Task directions:
No picture belongs in the copy. Repeat each line below exactly.

Given information:
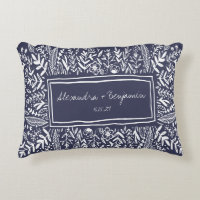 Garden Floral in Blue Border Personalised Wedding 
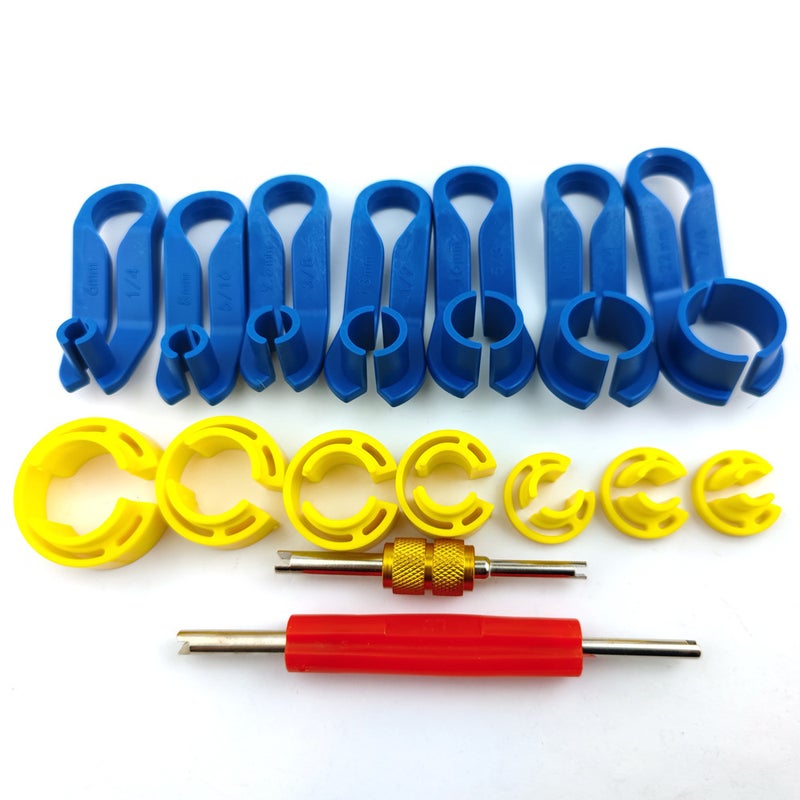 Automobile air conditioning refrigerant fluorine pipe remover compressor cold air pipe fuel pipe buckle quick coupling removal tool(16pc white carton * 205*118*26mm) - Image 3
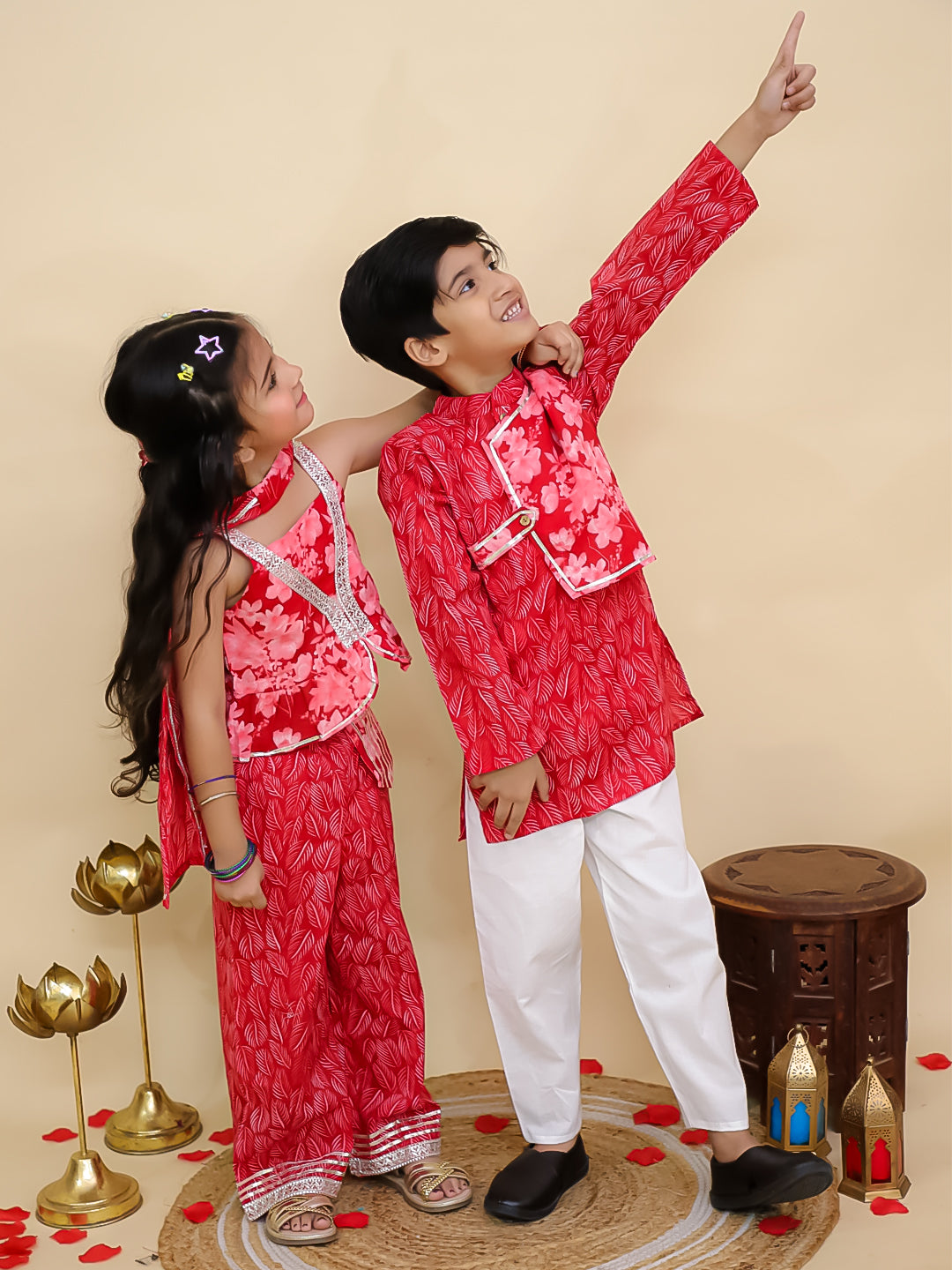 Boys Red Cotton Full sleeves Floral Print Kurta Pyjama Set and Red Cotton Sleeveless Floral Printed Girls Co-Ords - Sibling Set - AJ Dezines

Answer for this exercise:
 Garden Floral in Blue Border Personalised Wedding 
 Automobile air conditioning refrigerant fluorine pipe remover compressor cold air pipe fuel pipe buckle quick coupling removal tool(16pc white carton * 205*118*26mm) - Image 3
 Boys Red Cotton Full sleeves Floral Print Kurta Pyjama Set and Red Cotton Sleeveless Floral Printed Girls Co-Ords - Sibling Set - AJ Dezines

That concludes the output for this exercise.